South Korea's President Lee Myung-bak (file photo)
South Korea's President Lee Myung-bak (file photo)

South Korea's President Lee Myung-bak renewed harsh rhetoric about North Korea - words that are likely not to be well received in Pyongyang, nor by those in Seoul who desire a softer approach to the communist state.

In an interview with National Public Radio of the United States, President Lee defended the country's National Security Law, increasingly being used to arrest those who possess or disseminate North Korean propaganda. Critics say it stifles free speech, but the president says the law is necessary.

"You have to always remember the very special and unique circumstances in which Korea is in today," Lee noted. "We have been facing for the last 60-plus years one of the world's most well-armed and most belligerent countries. And if you consider that fact, and if you are someone living in such a country every day, then you will understand the need to have such laws that will allow us to maintain our way of life."

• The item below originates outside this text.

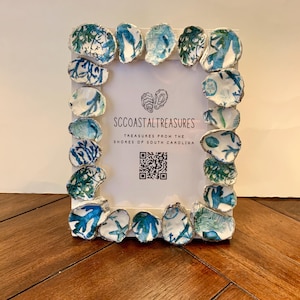 May include: A white picture frame decorated with blue and white oyster shells. The frame has a white mat and a white background with the text "SCCOASTAL TREASURES TREASURES FROM THE SHORES OF SOUTH CAROLINA" and a QR code.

The president’s description of the north as “one of the world’s most well-armed and most belligerent countries” worries Bruce Bennett, a senior defense analyst at Rand Corporation, a think tank that consults for the United States government.

Bennett says South Korea can best counter North Korea's "vicious propaganda" by not engaging in an exchange of name calling.

"The president apparently made a mistake. I'm sorry for him in that situation," Bennett said. "There is certain truth to what he said and so it's kind of hard to say he did a bad thing in that regard."

The two Koreas fought to a stalemate a devastating three-year civil war in the early 1950's. No peace treaty has ever been signed.

Inter-Korean relations worsened last year with two attacks blamed on the North killing 50 South Koreans, most of them sailors.

After the shelling of Yeonpyeong island, near disputed waters, in November of last year, Seoul and Pyongyang sharpened their rhetoric towards each other.

North Korea has repeatedly termed the South Korean president a "traitor" who is a "puppet" of the United States and characterized Lee as "the worst man in history."

For his part, President Lee, who can not run for re-election next year when his five-year term ends, has refrained from any personal verbal attacks on North Korean leader Kim Jong-il. But after being criticized for a slow and muted response to the artillery attack the island on the Yellow Sea, Lee warned North Korea any further provocations would be met with "stern, strong responses."